Activity
Pictures do not belong in your copy. Repeat all the other data exactly.

The data
____

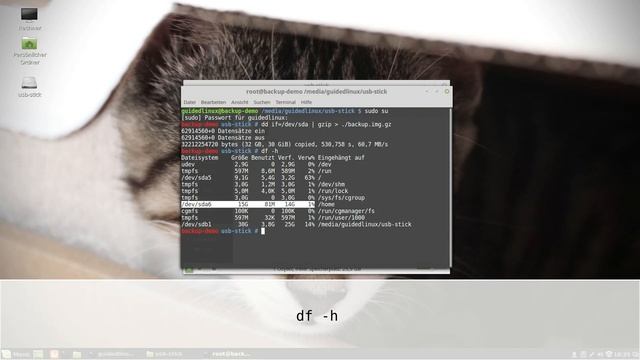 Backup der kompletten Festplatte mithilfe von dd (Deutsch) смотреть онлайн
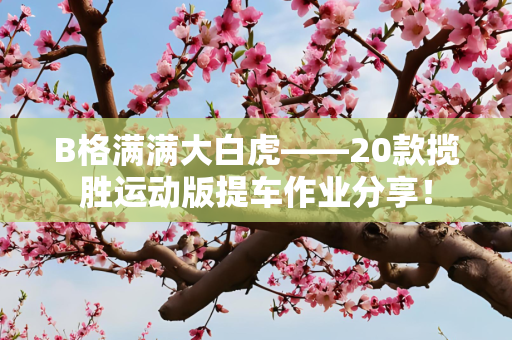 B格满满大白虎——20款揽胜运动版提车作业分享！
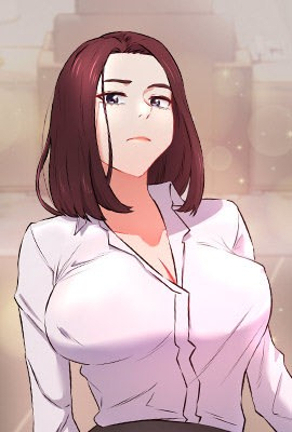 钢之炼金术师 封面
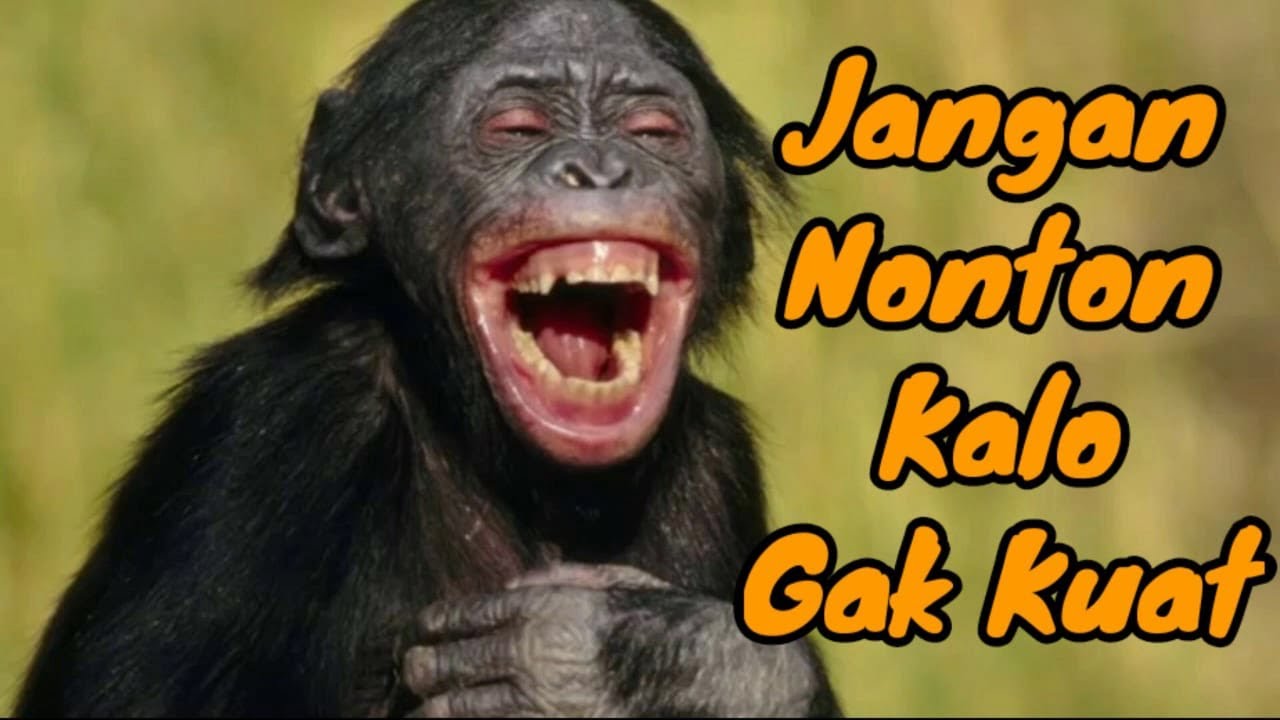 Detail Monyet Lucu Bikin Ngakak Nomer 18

____

Solution
 Backup der kompletten Festplatte mithilfe von dd (Deutsch) смотреть онлайн
 B格满满大白虎——20款揽胜运动版提车作业分享！
 钢之炼金术师 封面
 Detail Monyet Lucu Bikin Ngakak Nomer 18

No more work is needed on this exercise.